Hall commemorates fall of Berlin Wall
In commemoration of the 20th anniversary of the fall of the Berlin Wall, the Slavic Club and The Russian and East European Studies Program are sponsoring an event on Nov. 12 where students can both learn about and discuss one of the most recognized events in Western history.
The event will feature a short lecture from Maxim Matusevich, associate professor of history and the director the Russian and east European studies program.
There will also be a screening of a short documentary and excerpts from the 1990 Pink Floyd performance on the remnants of the Wall.
Several guests will attend and share their first-hand accounts of what it was like to live in the region during this time or their own personal experiences with the Wall. Matusevich said that he wants this event to provide an interactive opportunity for students to learn about the Berlin Wall.
He stressed the importance of communication among different generations to understand what he called, “one of the key turning points in 20th century history.”

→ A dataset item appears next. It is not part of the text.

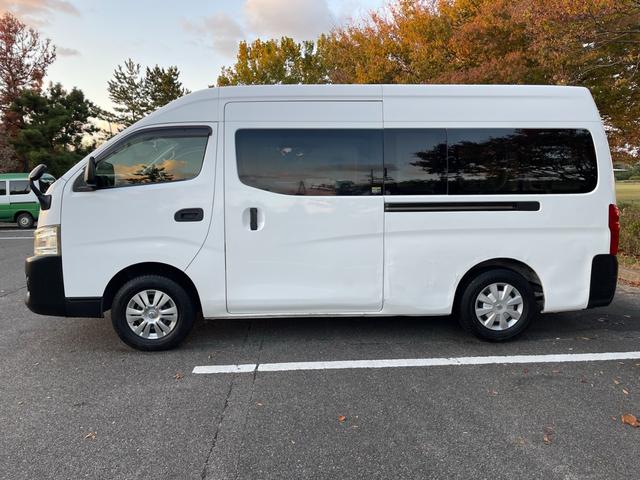 中古車 日産 NV350キャラバン 2.5 DX スーパーロング ワイド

“I want this to be more of a conversation than a lecture,” Matusevich said. “I don’t want to deliver anything too heavy. I want to make it light, informative, and celebratory.”
Matusevich grew up in the Soviet Union where he experienced the challenges of living during the Cold War.

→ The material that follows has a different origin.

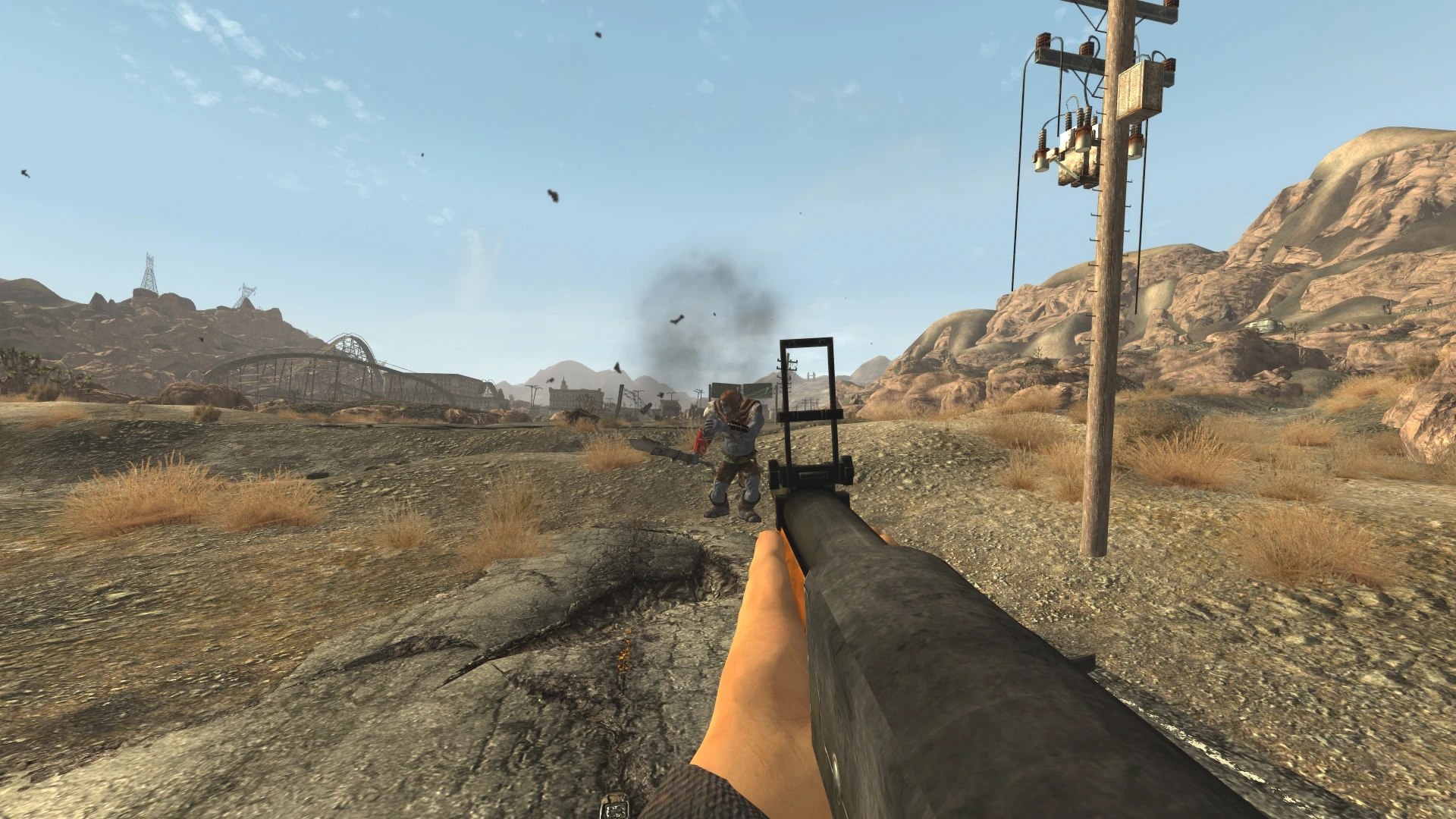 FNV Clean Animations - Grenade APW at Fallout New Vegas - mods and ...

“If I had to pick and choose one historical moment which was the most pivotal in my lifetime it would be the fall of the Wall,” Matusevich said.
The event will provide a different way for students to learn about the Wall.

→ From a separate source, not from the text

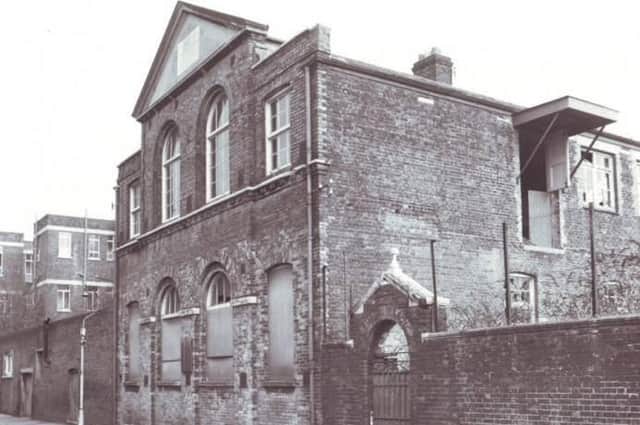 The school in the 1960s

“I am looking forward to learning about the fall of the Berlin Wall from a firsthand perspective as opposed to a history textbook the way I always have before,” Jessica Renner, sophomore and member of Slavic Club, said.
Matusevhich believes that this event triggered a new era in Europe.
“I think the Wall was almost a symbol of the violation of the human will by a government and the removal became a symbol of, sort of, reestablishing of human justice and fairness,” he said.
The Berlin Wall was erected in 1961 during the Cold War as a barrier between the city of West Berlin, and the East Germany, including East Berlin. The Wall fell in 1989, something that many view as an end to the Cold War and the beginning of a wide-spread political “freedom” in Europe.
Commemoration events are taking place all over the world in coming weeks, with many already having occurred.
“The rest of the world is commemorating, so we shouldn’t be an exception,” Matusevich said.